Aunque algunos resultados son presentados como panaceas, es necesario mostrar la integralidad de la fotografía de un programa cuya raíz es netamente violenta. Las UPP sólo pueden establecerse en las favelas luego de la irrupción en combate de las tropas de elite del Batallón de la Policía Militar (BOPE), quienes durante las primeras 72 horas de accionar barren y limpian la zona. Dicha militarización de la comunidad se prolongará durante uno o dos meses, hasta la llegada de los “pacificadores”.

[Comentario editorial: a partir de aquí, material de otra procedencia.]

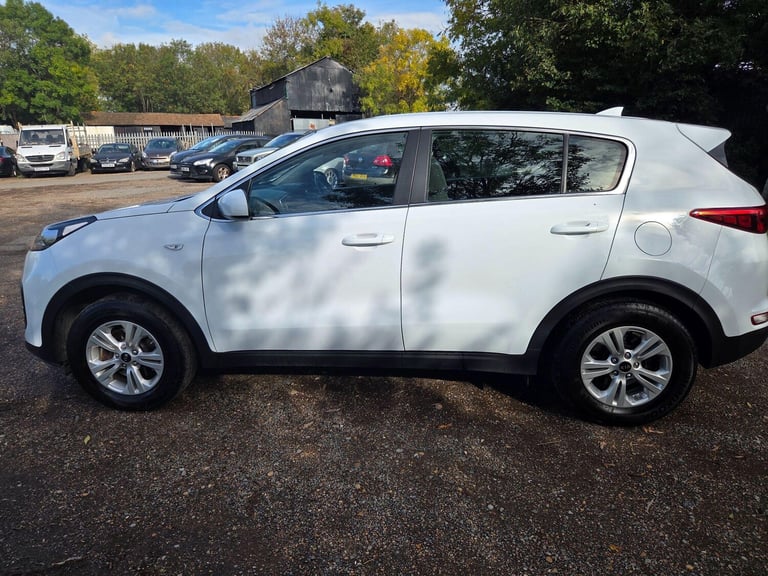 2018 Kia Sportage 1.6 GDi ISG 1 5dr ESTATE PETROL Manual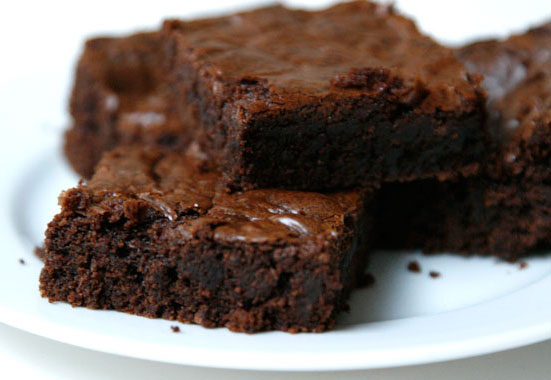 Chocolate brownies, Taste : Sweet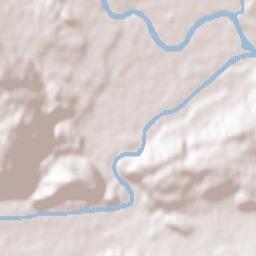 Seebach Terrain Map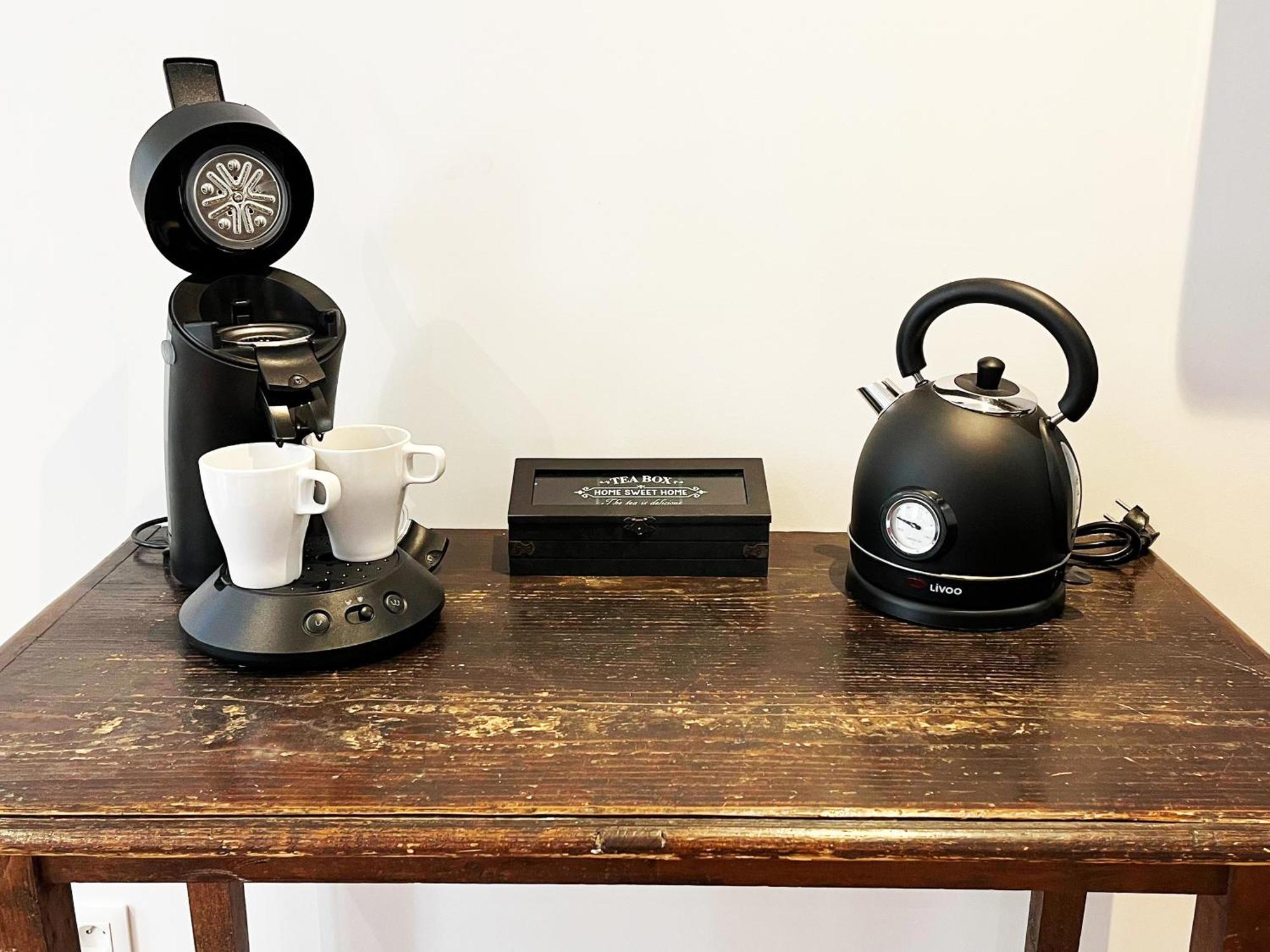 Dejean Vintage-Wifi-Centre-Ville-Velo カステルノーダリ エクステリア 写真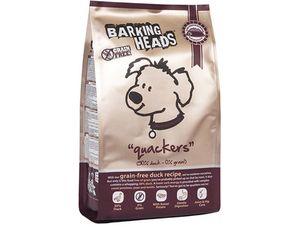 Barking Heads Professional Duck Grain Free 18kg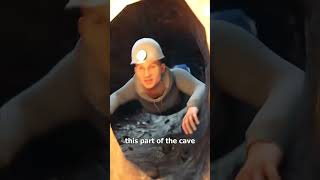 John Edward Stuck In Cave 😱 Nutty Patty Cave amazingfacts factsinhindi shorts facts fact [upl. by Gaillard]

Desde la ONG brasileña Justicia Global definen a las UPP como “una tecnología gubernamental de control poblacional y territorial de las favelas, bajo el argumento de una guerra contra el narcotráfico, marcada por una sistemática violación a los derechos humanos, entre las que se destacan ejecuciones sumarias, torturas, desapariciones forzadas y detenciones arbitrarias”.

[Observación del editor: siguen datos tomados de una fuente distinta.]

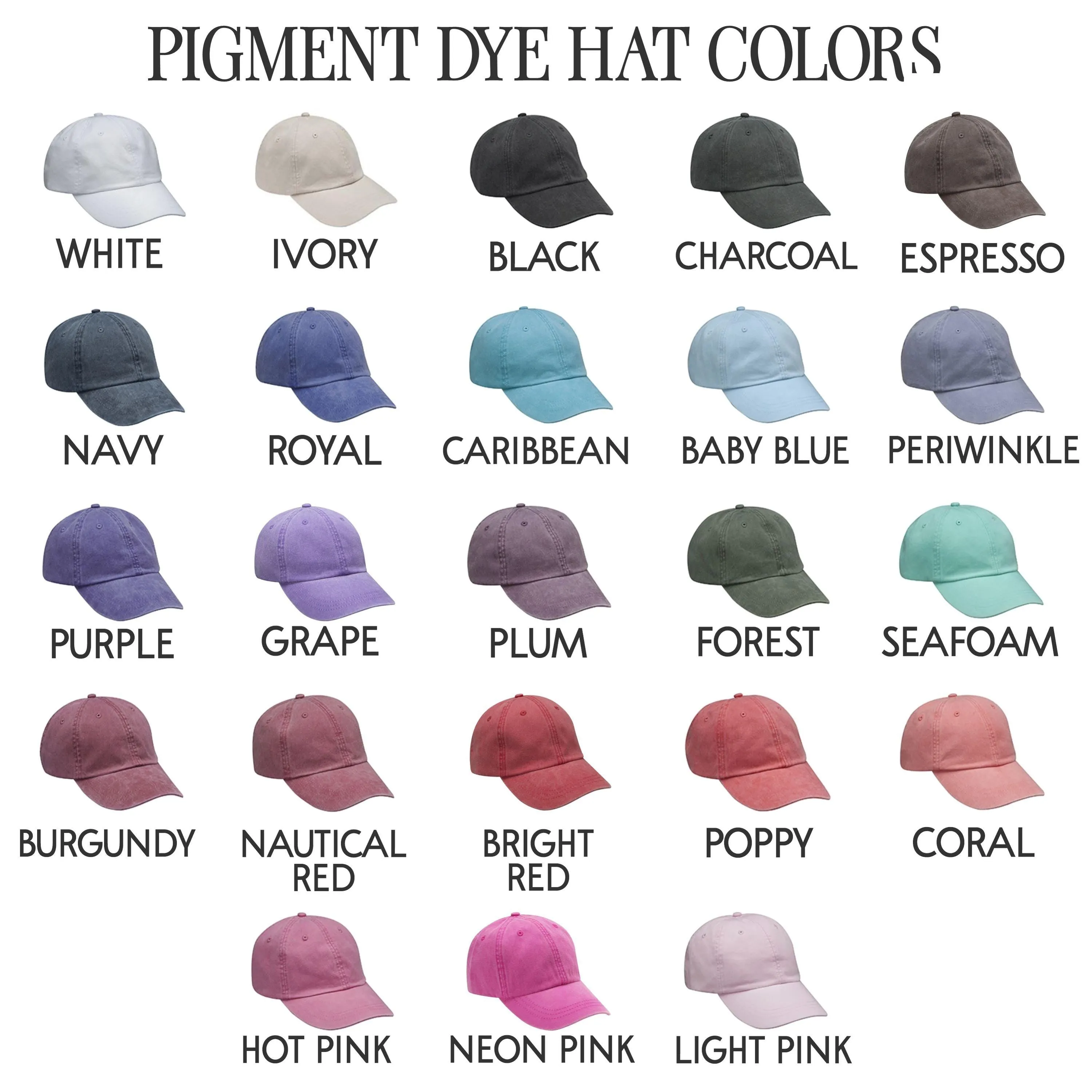 Monogram Ball Cap Womens Baseball Hats
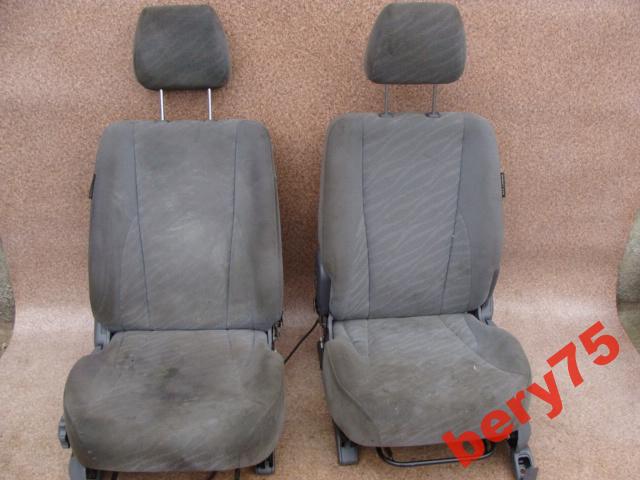 фото №1, Hyundai tucson 06r сидіння сидіння перед комплект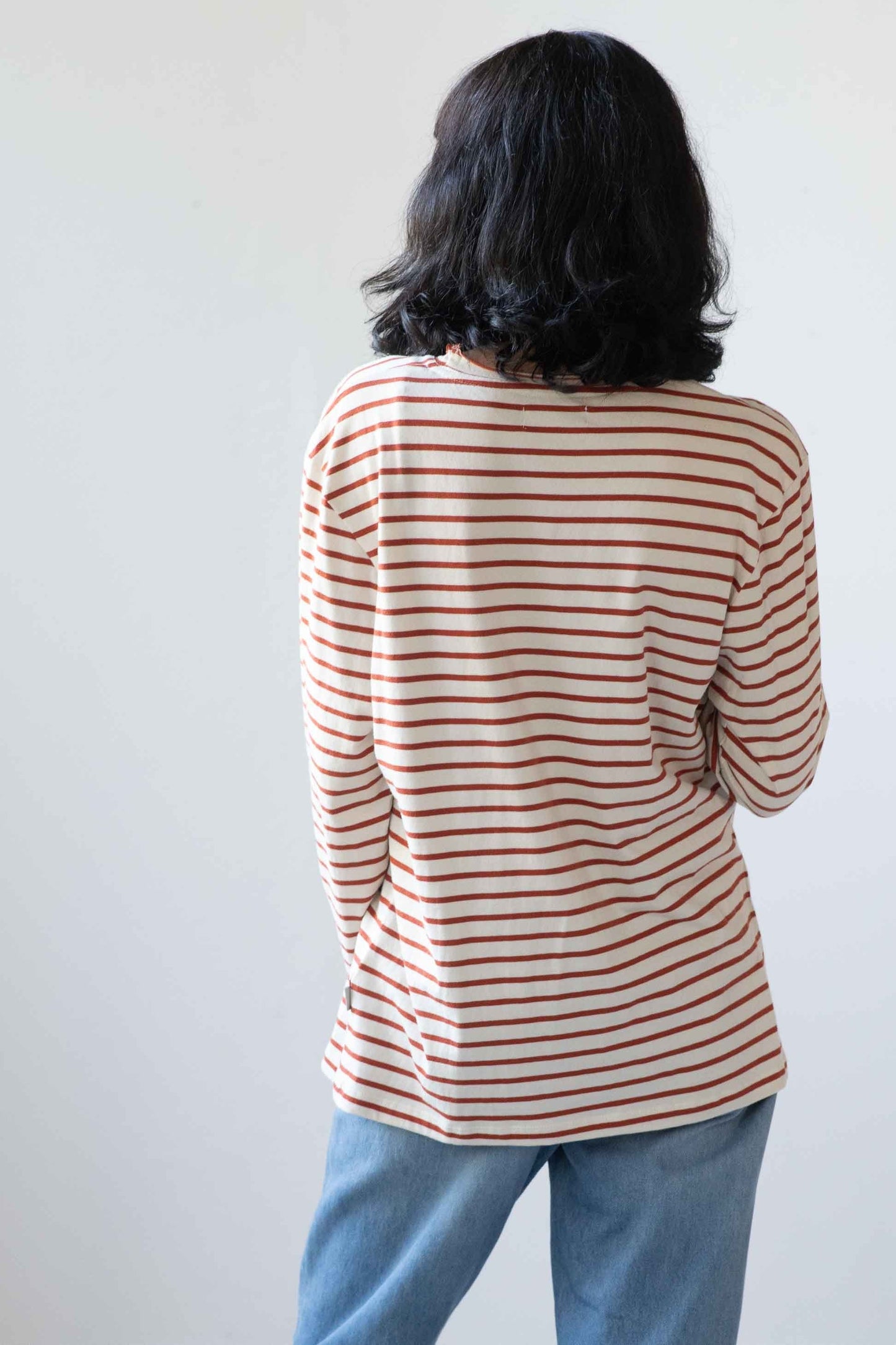 Raya LS tee *organic cotton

Las estadísticas no son demasiado alentadoras y se prestan a poner en tela de juicio la efectividad de esta política defendida por Fundación Concordia. Luego de los tres primeros años, en los que bajó la tasa de criminalidad en las favelas afectadas por el programa, en 2013 el Instituto de Seguridad Pública reveló que los homicidios aumentaron casi un 17% en comparación con 2012. Ya para 2014 se comenzó a producir una reorganización de las dinámicas del narcotráfico en Río de Janeiro, que provocó los primeros ataques comando a las UPP y un nuevo desafío frontal de parte de los grupos terroristas contra el Estado.
Ante la sistemática irrupción de propuestas electoralistas que impulsan un modelo de probada ineficiencia resulta necesario comprender que la guerra, en cualquiera de sus facetas, admite una zona gris de excesos. Disparar en medio de un pasillo o una calle de una villa, entre niños con guardapolvos, amas de casa que hacen sus compras o personas que se ganan el pan en forma honrada, invocando la guerra al narcotráfico, es parte del tenebroso lema de justificar el fin con cualquier medio.